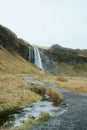 Vertical shot of a road in the field with a waterfall in the mountains in the background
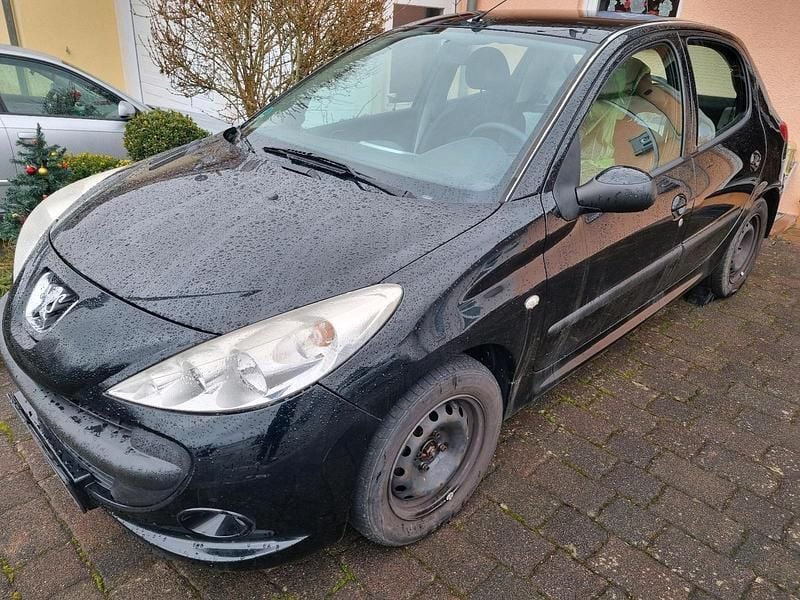 Gebraucht Peugeot 206+ 75 PS (55 kW) 2010 Schwarz Kleinwagen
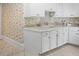 Practical laundry room with white cabinetry, utility sink, and neutral countertops at 240 Rose Ridge Dr, Canton, GA 30115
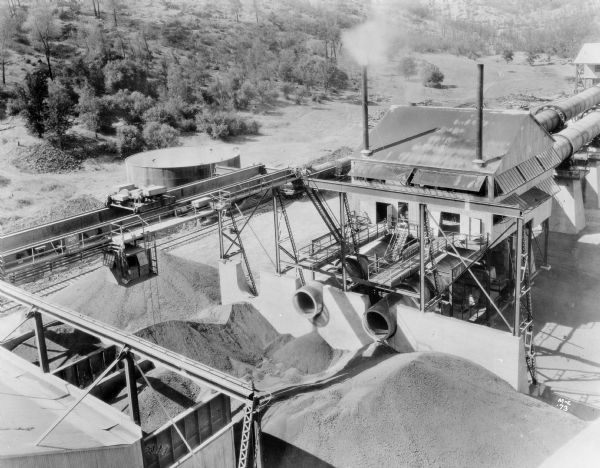Elevated view of Milwaukee Electric Crane & Manufacturing Company grab bucket crane on the exterior of the Calaveras Cement Factory. A sign on the crane reads "The Milwaukee Crane" and the crane is stamped "Milwaukee Electric Crane & Mfg. Co., 8 Tons, No. 736." This is reportedly one of two grab bucket cranes in the factory.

◆ The problem: Omitting all pictures, retype exactly the lines from the line containing "Gebraucht Peugeot 206+" down to the last line above, both ends included.

◆ Output of the exercise:
 Gebraucht Peugeot 206+ 75 PS (55 kW) 2010 Schwarz Kleinwagen
 Practical laundry room with white cabinetry, utility sink, and neutral countertops at 240 Rose Ridge Dr, Canton, GA 30115
Elevated view of Milwaukee Electric Crane & Manufacturing Company grab bucket crane on the exterior of the Calaveras Cement Factory. A sign on the crane reads "The Milwaukee Crane" and the crane is stamped "Milwaukee Electric Crane & Mfg. Co., 8 Tons, No. 736." This is reportedly one of two grab bucket cranes in the factory.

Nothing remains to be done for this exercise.